Importance:	P2 normal
Target Milestone:	---
Assignee:	Ashok Malhotra
QA Contact:	Mailing list for public feedback on specs from XSL and XML Query WGs

URL:
Whiteboard:
Keywords:

Depends on:
Blocks:

Reported:	2005-07-28 15:56 UTC by Frans Englich
Modified:	2005-09-29 10:55 UTC (History)
CC List:	0 users

See Also:

Attachments

Description Frans Englich 2005-07-28 15:56:42 UTC

Hello,

There are functions which returns instances of xs:NCName:

fn:prefix-from-QName($arg as xs:QName?) as xs:NCNAME?
fn:local-name-from-QName($arg as xs:QName?) as xs:NCNAME?

From my understanding, they guarantee to return atomic values that not only has
a value space conforming to xs:NCName, but which also are or the type
xs:NCName(or they are the empty sequence). From what I can tell, one should be
able to rely on that:

"prefix-from-QName(QName("http:example.org/", "prefix:local")) instance of
xs:NCName" is always true.

But, the type xs:NCName is not a supported type in for example XSL-T 2.0 at
Basic conformance level(from what I can tell), although I don't know if that
matters.

How is this dilemma solved? What would allow an implementation to return
xs:string instead of xs:NCName, for example?

If that is not possible, which currently is my conclusion, I would say the best
solution is to change the return types to "xs:string?".


Cheers,
Frans

Comment 1 Michael Kay 2005-07-28 19:05:49 UTC

This one is going to be a bit tricky. As it happens, it arrived just before an
XSL WG telcon and we had time for a bit of preliminary discussion.

At one time the set of types supported by a basic XSLT processor was chosen to
align with the set of types used in the signatures of F+O functions. This
alignment broke when two functions were changed to return an NCName. On the face
of it there are three solutions possible:

(a) change the functions back to returning strings (there are other functions
that create a precedent for this)

(b) change XSLT to allow xs:NCName in its set of supported types (together,
presumably with its supertypes xs:Name, xs:token, and xs:normalizedString)

(c) finesse the definition of a basic XSLT processor so that if it calls a
function that returns a value of a type that's a subtype of a recognized type,
the value is in effect promoted to the nearest recognised type. Section 2.5 of
XPath is carefully crafted to recognize the possibility of input values having a
dynamic type that not one of the statically known types, but is a subtype
thereof, and we could build on this capability.

We'll need joint meeting time with XQuery to discuss this one, which means it
won't be addressed for a month or so as there's a break in the meeting schedule.

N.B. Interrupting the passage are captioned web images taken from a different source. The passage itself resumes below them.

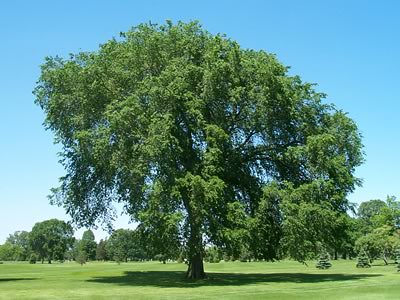 american elm tree identification. american elm tree bark.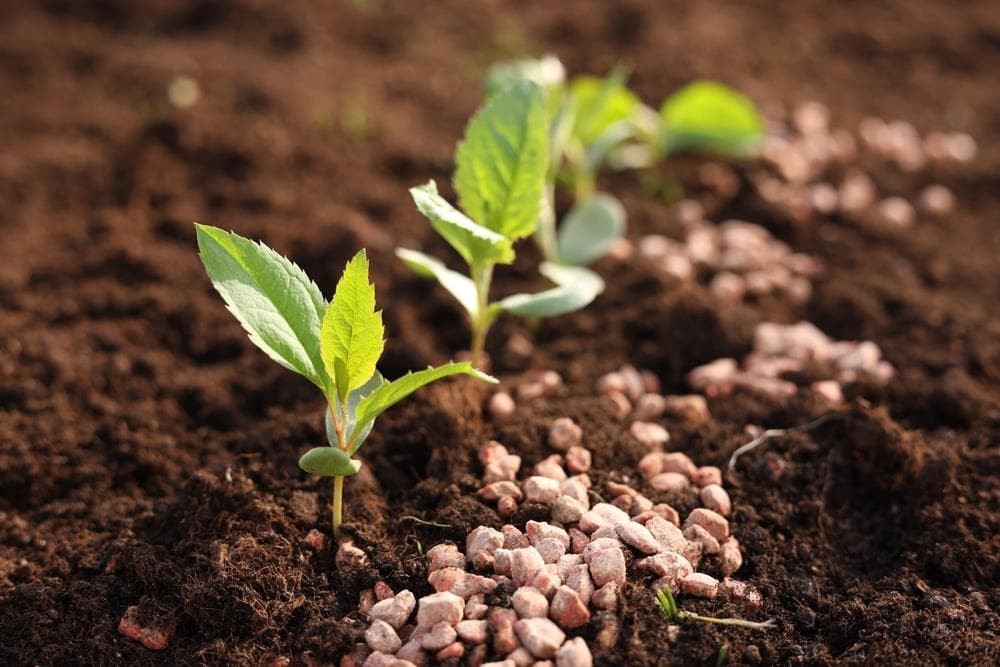 ¿Qué abono es el perfecto para tu plantación?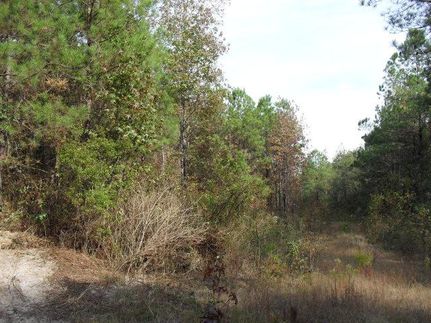 Property in Monroe County, Alabama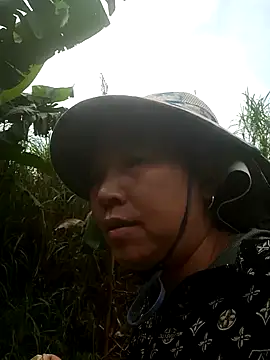 jikey-bibi online show from 12, 5, 2026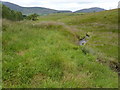 Looking down the burn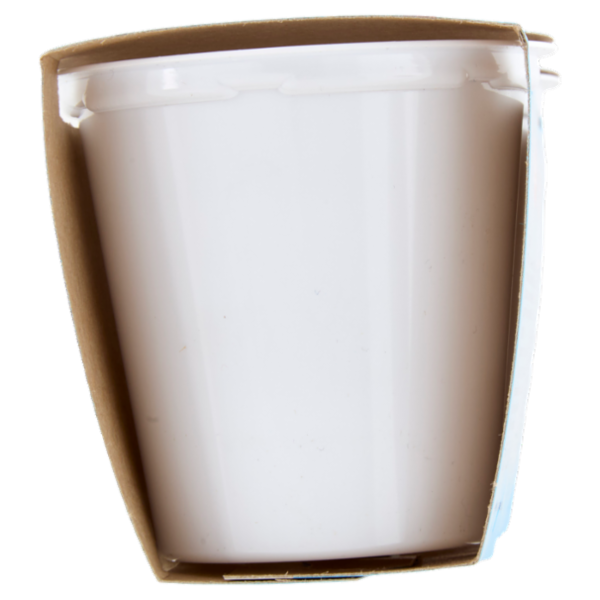 Selex Yogurt Magro Vaniglia 2x125 g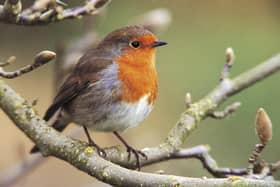 The RSPB's Big Garden Birdwatch returns this month (Credit: rspb-images.com)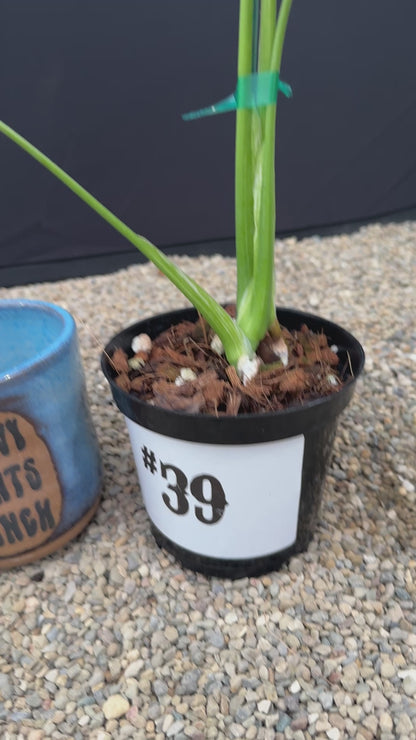 Monstera White Monster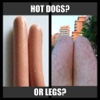 Hot Dogs Or Legs gourmet hot dogs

Michael Kay (personal response)

Comment 2 Sharon Adler 2005-07-28 19:32:37 UTC

Ashok,

I had the action item from the XSL telcon to ask for review for joint discussion
of this bug.  Looks like Michael beat me to it.  He indicated his was personal;
mine is formal from the XSL WG.  Please let us know when this will be handled so
we can make sure we have proper XSL representation on the call.

Thanks.

Sharon

Comment 3 Michael Kay 2005-09-06 10:38:26 UTC

I think we can solve this as follows: (for the benefit of WG members, the white
horse comes to our rescue).

XPath says in 2.5.4:

 "An unknown schema type might be encountered, for example, if a source document
has been validated using a schema that was not imported into the static context.
In this case, an implementation is allowed (but is not required) to provide an
implementation-dependent mechanism for determining whether the unknown schema
type is derived from the expected schema type."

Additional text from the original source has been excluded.